However, more generally, a word-for-word direct translation shouldn't just be accepted as-is. There's many cases where a word-for-word translation gives a wrong, or even completely opposite meaning. I think it's important to understand the meaning and translate that into a correct sentence, rather than just relying on word-for-word translation.
I agree. Sometimes direct translation causes problem, especially translating proverbs or other complicated or colloquial clause and sentences.
The reason why I mentioned direct translation is that there is no concept of article in bahasa indonesia, so the literal meaning of 'Ia membaca koran' is 'she reads newspaper'. (or newspapers) Yes, it sounds strange, but this is the characteristic of bahasa indonesia. It can be a newspaper or the newspaper, depending on the context, but in this case there is no context. So I think we cannot determine whether it is 'a' or 'the' newspaper.
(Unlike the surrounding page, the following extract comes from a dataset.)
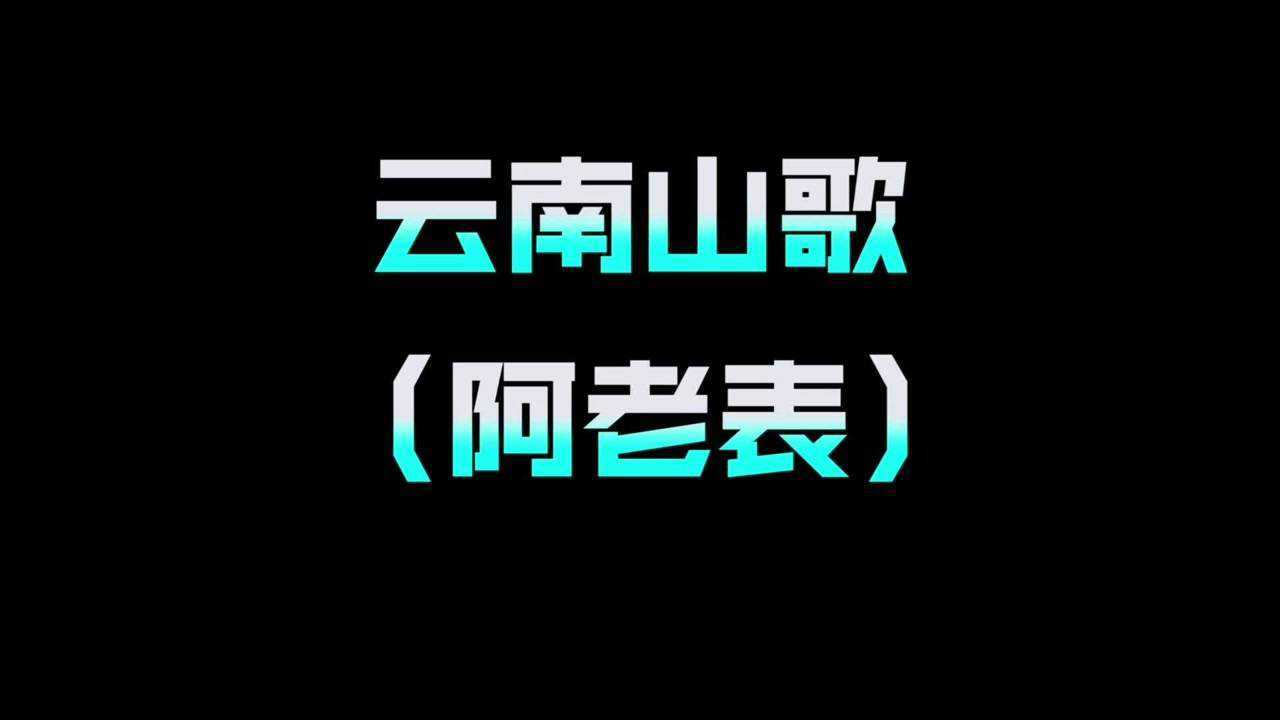 王者版云南山歌阿老表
This example is very plain case, so there is no problem for word by word translation. I know that Duoligo lessons are designed by bilinguals who are fluent in both languages, this case bahasa indonesian and english, so it may seem unnatural to come up with the sentence that I wrote for the native english speakers.
But please not that there are some people who are using this platform while being not fluent in english. Especially, in my case, my mother language also does not have articles like a, an, the, so when i saw this exercise, i accidentally omitted the article.
I still believe 2 things. Writing grammatical perfect english sentence is unnecessary when it comes to learning bahasa indonesia. Second, my translation does not change any meaning. How do you guys think?
I'm just a learner of Indonesian like you, but I am also a contributor to the course of Polish, a language which also doesn't have articles, and our flag is just the Indonesian flag, but upside down ;) Let me answer you from the position of a Duolingo 'teacher':
No. Nononononononononononononono. No. Absolutely not. This is a language learning website. No course should knowingly accept any grammatically incorrect answer neither in the target language nor the source language. It decreases Duolingo's credibility. If they accept wrong answers in English, how can one be sure that all the Indonesian answers are correct?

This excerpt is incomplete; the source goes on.